Wednesday, July 22, 2009

Columbus Give Camp 2009 == awesome

What is Give Camp?
Give Camp is an event that connects volunteer developers, graphic designers, and database administrators with charities who need programming work done. This includes website redesign, setting up content management systems (CMS), and dynamic database driven web applications. See GiveCamp.org or ColumbusGiveCamp.org for full details.

One of my teammates, Joel, is apparently quicker to blog & less long-winded than me. If you're in a hurry, read his take on Columbus Give Camp 2009 on the Adelphus blog.

Pre-Give Camp
Last year, I heard about Give Camp from some blog posts right after it happened. I decided at that point that next year, I would make it a point to attend. So this year I found out about it pretty much just in time from a post to the Columbus Ruby Brigade mailing list from Greg Malcolm. I had at least 5 other things I wanted to do that weekend, but luckily none of them were plans I couldn't change.

I signed up & realized after I signed up that I didn't have any choice on the charity, project, and since I didn't sign up with a team I had no clue who I'd be working with. The thought did occassionally pop into my head "This event is originally sponsored by Microsoft. It'll be just my luck if I end up working on a .NET project and I have absolutely no experience in .NET." It turns out that thought was completely unfounded. Carey Payette and the other Columbus Give Camp organizers did a great job of making sure developers were matched up with projects that fit their skills.

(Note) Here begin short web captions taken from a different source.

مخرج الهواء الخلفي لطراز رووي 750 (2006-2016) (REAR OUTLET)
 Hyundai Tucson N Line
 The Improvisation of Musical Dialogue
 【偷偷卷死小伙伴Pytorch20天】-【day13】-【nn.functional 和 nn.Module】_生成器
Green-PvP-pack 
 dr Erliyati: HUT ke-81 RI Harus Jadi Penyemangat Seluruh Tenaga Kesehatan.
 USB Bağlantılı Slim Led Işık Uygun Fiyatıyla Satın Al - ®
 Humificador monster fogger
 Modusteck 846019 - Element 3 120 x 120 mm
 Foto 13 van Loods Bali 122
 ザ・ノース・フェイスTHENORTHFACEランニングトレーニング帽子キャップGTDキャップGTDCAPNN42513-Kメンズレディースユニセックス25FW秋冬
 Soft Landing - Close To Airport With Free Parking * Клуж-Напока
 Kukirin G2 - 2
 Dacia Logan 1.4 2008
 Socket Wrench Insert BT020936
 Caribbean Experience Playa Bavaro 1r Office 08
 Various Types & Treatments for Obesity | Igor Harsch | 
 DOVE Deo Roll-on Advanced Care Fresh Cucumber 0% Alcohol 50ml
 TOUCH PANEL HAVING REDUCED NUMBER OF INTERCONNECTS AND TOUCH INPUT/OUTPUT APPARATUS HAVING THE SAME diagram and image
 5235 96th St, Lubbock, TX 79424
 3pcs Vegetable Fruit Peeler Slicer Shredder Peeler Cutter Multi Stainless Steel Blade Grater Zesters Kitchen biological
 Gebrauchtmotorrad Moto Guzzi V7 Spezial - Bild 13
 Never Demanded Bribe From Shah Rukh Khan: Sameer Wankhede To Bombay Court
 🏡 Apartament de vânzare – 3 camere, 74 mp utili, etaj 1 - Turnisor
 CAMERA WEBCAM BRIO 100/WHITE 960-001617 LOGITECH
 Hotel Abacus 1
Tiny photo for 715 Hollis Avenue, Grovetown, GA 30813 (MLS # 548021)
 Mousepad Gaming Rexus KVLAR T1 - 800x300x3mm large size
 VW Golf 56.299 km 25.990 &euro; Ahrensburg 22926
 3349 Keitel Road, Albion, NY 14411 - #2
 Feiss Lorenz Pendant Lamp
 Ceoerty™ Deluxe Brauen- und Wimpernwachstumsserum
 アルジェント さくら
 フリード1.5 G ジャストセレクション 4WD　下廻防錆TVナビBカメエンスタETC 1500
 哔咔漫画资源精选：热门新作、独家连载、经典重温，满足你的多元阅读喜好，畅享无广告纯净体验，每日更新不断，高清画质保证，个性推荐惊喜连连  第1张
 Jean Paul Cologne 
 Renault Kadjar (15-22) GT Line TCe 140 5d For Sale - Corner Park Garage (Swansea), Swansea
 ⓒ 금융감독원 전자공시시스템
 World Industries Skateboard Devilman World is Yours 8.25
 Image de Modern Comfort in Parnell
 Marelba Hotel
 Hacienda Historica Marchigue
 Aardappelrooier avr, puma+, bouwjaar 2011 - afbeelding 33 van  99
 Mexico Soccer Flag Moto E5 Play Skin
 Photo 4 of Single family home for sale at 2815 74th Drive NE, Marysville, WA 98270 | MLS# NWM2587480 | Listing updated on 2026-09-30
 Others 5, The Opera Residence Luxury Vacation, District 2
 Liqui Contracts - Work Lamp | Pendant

I received an email on Wednesday with my team assignment. There were a few people that I didn't know, but there was one on my team that I did know. This was Gayle Craig from the Columbus Ruby Brigade. The charity I was assigned to work with was Tech Corps Ohio, which teaches kids in grades K-12 about technology and computers.

Welcome to Columbus Give Camp
Friday night the event kicked off. There were just over 40 developers there and at least one representative for each charity. There were a couple of teams using .NET, and originally one Ruby on Rails development team, which was too big and was broken up into two. I didn't feel I had enough Rails experience to hack something together during a weekend so put my PHP and Perl experience on my application for the event instead of my limited Ruby on Rails experience.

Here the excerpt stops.